After near-decapitation by a wild, old shovel-wielder, Danyl is instantly into a set-up involving a Cult, a Temple, and a Well. There are century-old mysteries in Epuni St.
Rooms are wrecked. So is a garden. Satanists slink around; a man in a photo has his face scratched out; a white van and a dark tower feature. Rather a lot of enigmatic objects are uncovered and opened.
The suspense cranks up. Will Danyl with his spontaneously re-injured leg get down the elevator shaft? Will the SSS find The Priest's Soul? What the hell is The Priest's Soul?

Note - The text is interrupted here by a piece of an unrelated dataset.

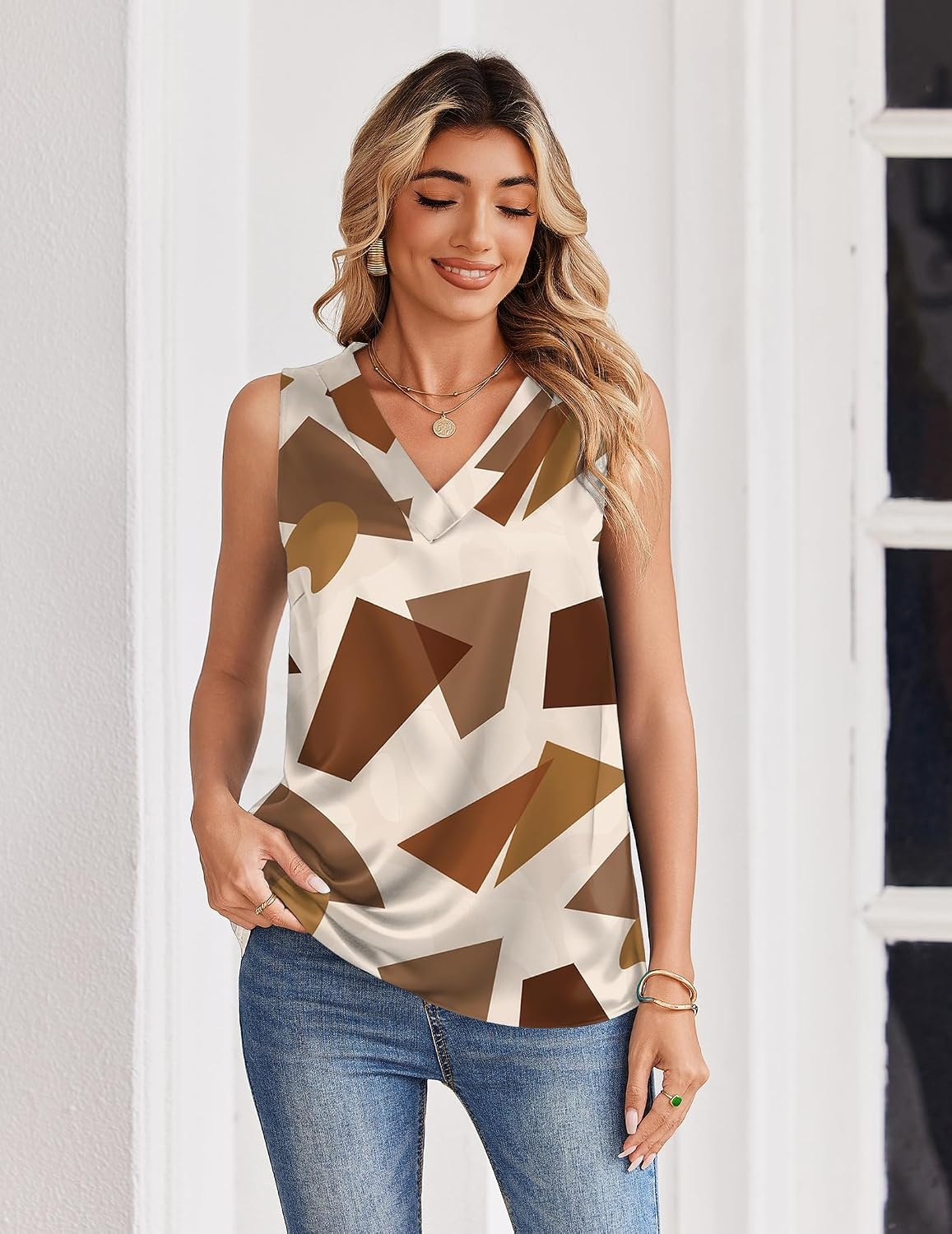 image:imageZeagoo Womens Silk Satin Tank Tops V Neck Camisoles Sleeveless BlousesPjh587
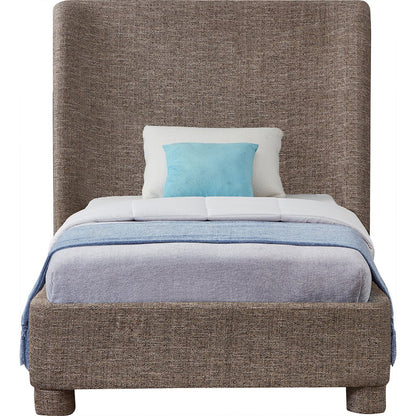 Penny Brown Polyester Fabric Twin Bed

Lots of entertaining set pieces and half-set people. You'll like the Wellness Heal U Centre, run by a well-endowed witch, and Steve the psychologist who worries about the professional ethics of assaulting an elderly Satanist. You should like the tetchy Deputy Chief Hierophant.
They're part of a lively cast of alternatives and oddballs, melancholics and frenetics. Even the doctor is a pothead who has ambled off to Bhutan.
Characters declaim a lot. Fair enough: nearly every one of them is a performance, and their discourses are entertainingly extra-dimensional. "I have found a way to transfer the story of the self to a timeless vessel." Uh-huh.
Things stay clever right up to the Acknowledgments. McLauchlan kicks it all along energetically, keeps the mood swinging effectively between melodrama and deflation.
There's a nice underpinning of neediness and affection, plus an ending where all that's gold doesn't necessarily glitter. It's never dull, and often threatens to become addictive.